Amazon EC2 Failure Post-Mortem

Posted by Soulskill on Friday April 29, 2011 @12:50AM from the ted-tripped-over-a-power-cord dept.

CPE1704TKS tips news that Amazon has provided a post-mortem on why EC2 failed. Quoting: "At 12:47 AM PDT on April 21st, a network change was performed as part of our normal AWS scaling activities in a single Availability Zone in the US East Region. The configuration change was to upgrade the capacity of the primary network. During the change, one of the standard steps is to shift traffic off of one of the redundant routers in the primary EBS network to allow the upgrade to happen. The traffic shift was executed incorrectly and rather than routing the traffic to the other router on the primary network, the traffic was routed onto the lower capacity redundant EBS network.
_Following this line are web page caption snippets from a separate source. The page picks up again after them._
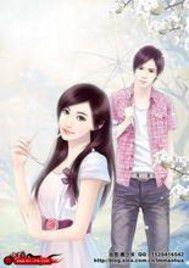 總裁別動我女人 總裁別動我女人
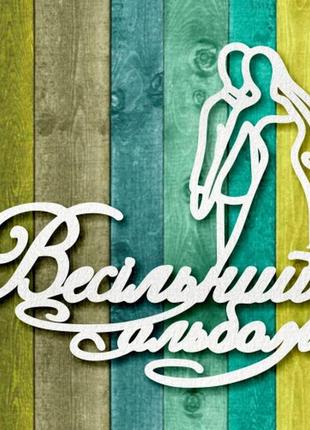 Чипборд "весільний альбом 1"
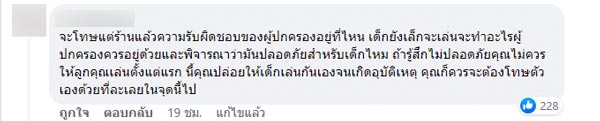 ชิงช้าล้มทับเด็ก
For a portion of the EBS cluster in the affected Availability Zone, this meant that they did not have a functioning primary or secondary network because traffic was purposely shifted away from the primary network and the secondary network couldn't handle the traffic level it was receiving."

2 of 117 comments (clear)

Min score:

Reason:

Sort:

Re:I realise this is "News for Nerds"... by MagicM · 2011-04-29 00:59 · Score: 4, Informative

Instead of closing off one lane of highway for construction, they closed off all lanes and forced highway traffic to go through town. The roads in town weren't able to handle all the cars. Massive back-ups ensued.
Re:Isn't the point of a secondary network... by mysidia · 2011-04-29 01:27 · Score: 2, Informative

... to be able to handle loads if the primary fails?
No. That's the point of the redundant elements and backup of the primary network.
The secondary network they routed traffic to was designed for a different purpose, and never meant to receive traffic from the primary network.